### Supplied records:
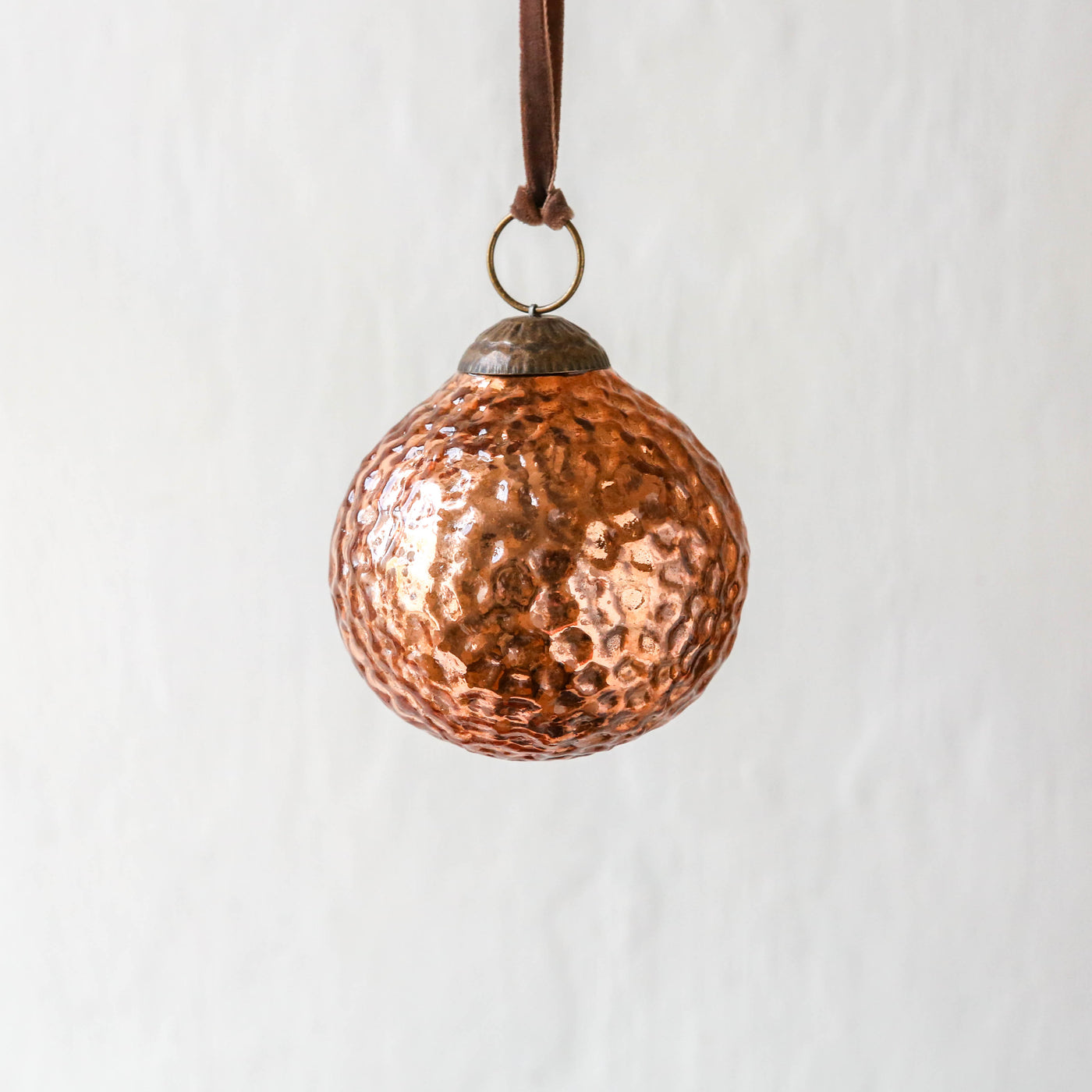 7cm Narangi Bauble - Copper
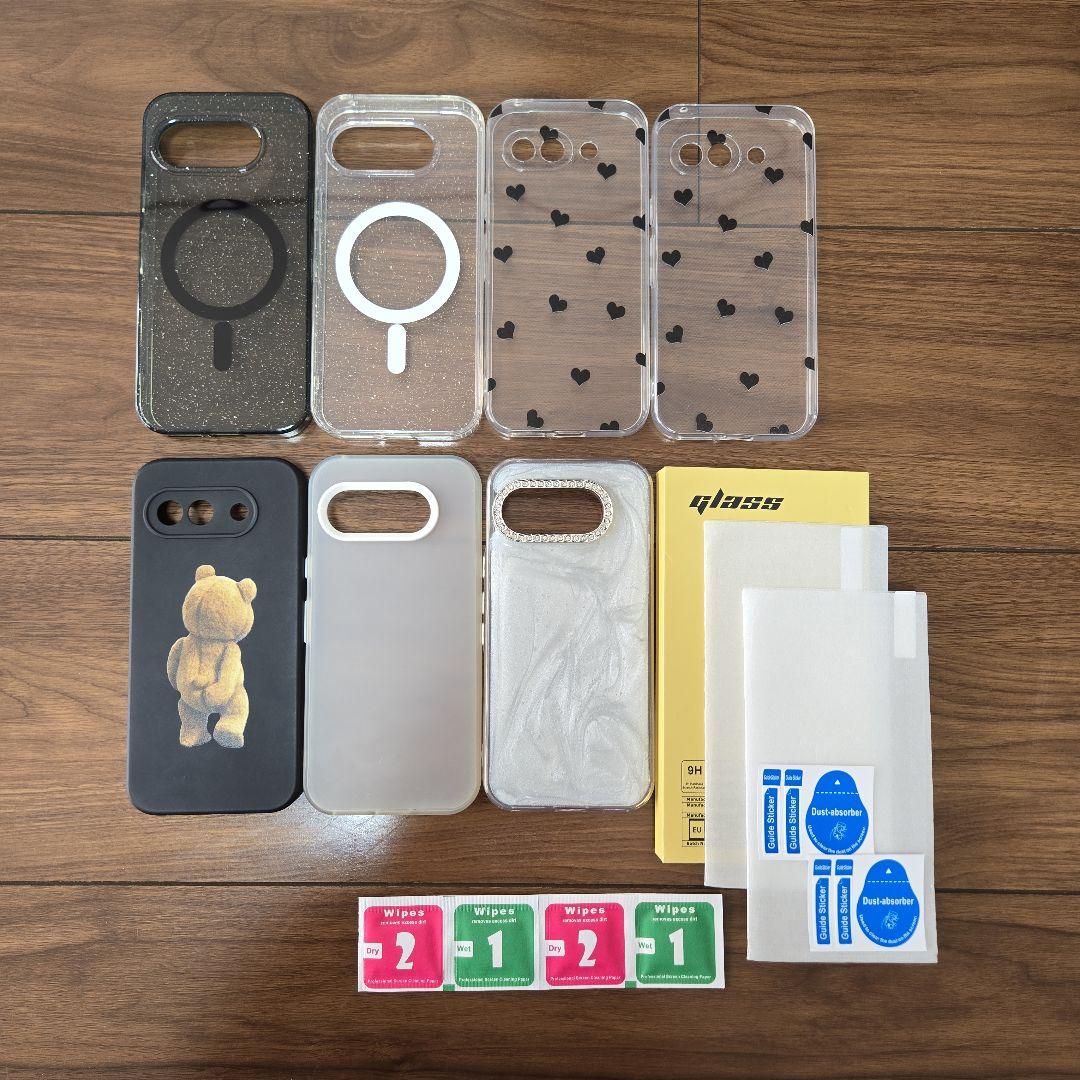 【ほぼ新品】Google Pixel 9a Porcelain 128GB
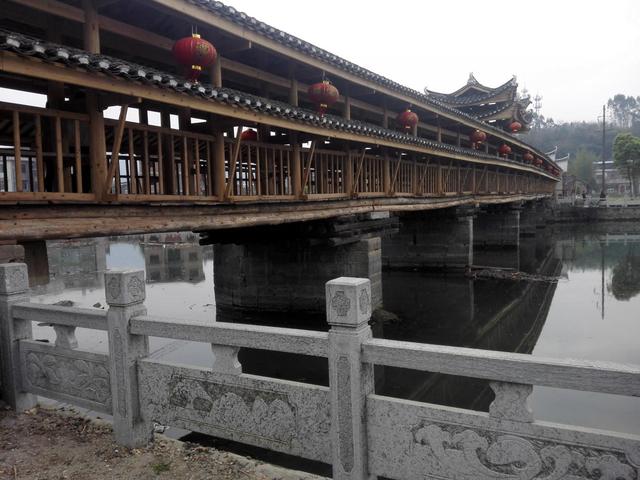 全州千古名村龙水村赏景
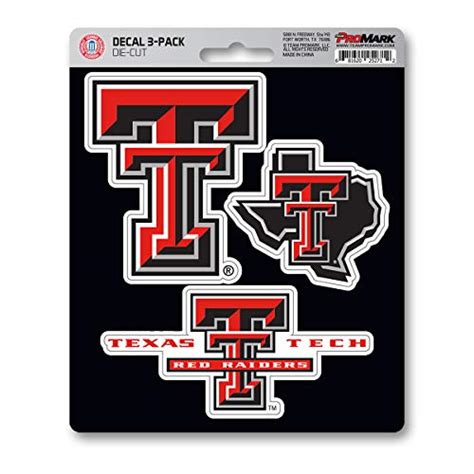 5 Ways To Rep Texas Tech With Auto Decals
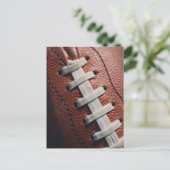 Football Briefkaart (Staand voorkant)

### Problem:
What you write should match, word for word, the lines from the one containing "9a Porcelain 128GB" to the end of the listing, with both ends kept and the pictures left out.

### The answer:
 【ほぼ新品】Google Pixel 9a Porcelain 128GB
 全州千古名村龙水村赏景
 5 Ways To Rep Texas Tech With Auto Decals
 Football Briefkaart (Staand voorkant)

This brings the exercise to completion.